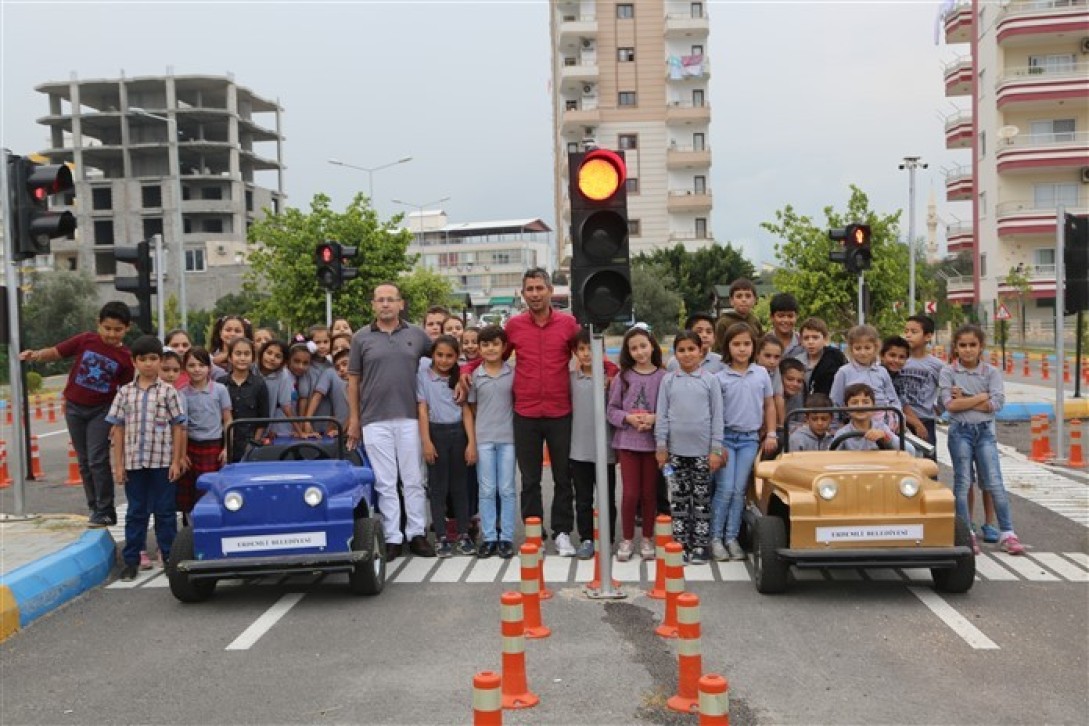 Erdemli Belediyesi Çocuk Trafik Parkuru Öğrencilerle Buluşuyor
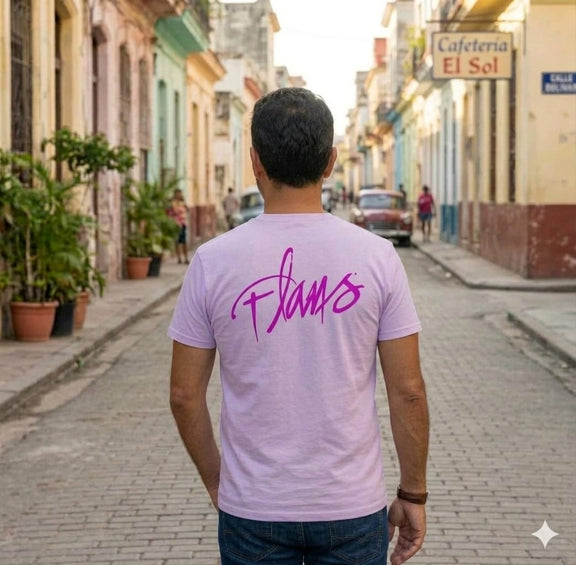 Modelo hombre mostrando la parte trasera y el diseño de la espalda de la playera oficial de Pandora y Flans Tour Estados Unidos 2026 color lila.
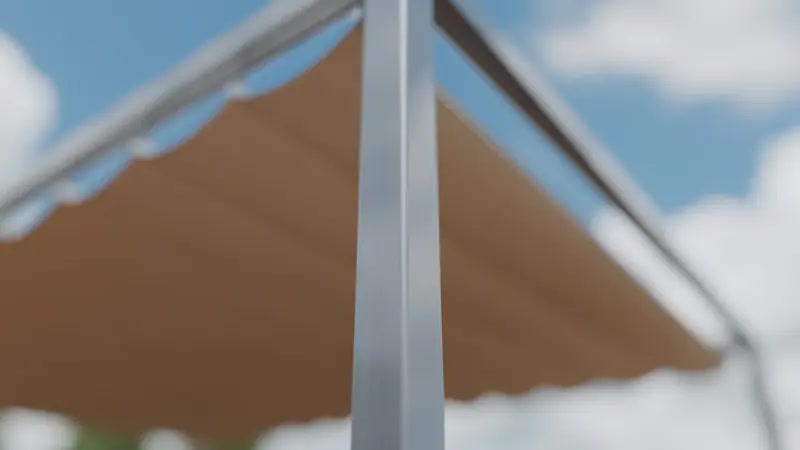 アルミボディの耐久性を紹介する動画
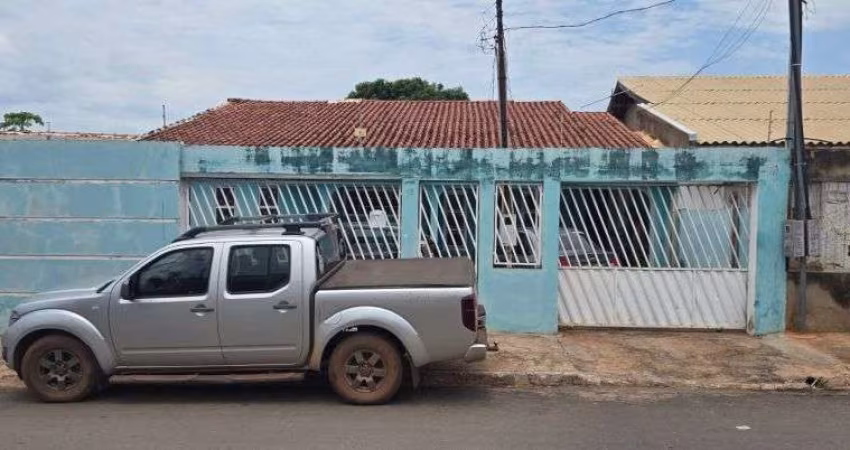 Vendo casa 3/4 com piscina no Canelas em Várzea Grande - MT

Work request ::
All that is needed here is the run of lines from the one containing "アルミボディの耐久性を紹介する動画" through the end of the material above, reproduced exactly and without pictures.

Answer for the task ::
 アルミボディの耐久性を紹介する動画
 Vendo casa 3/4 com piscina no Canelas em Várzea Grande - MT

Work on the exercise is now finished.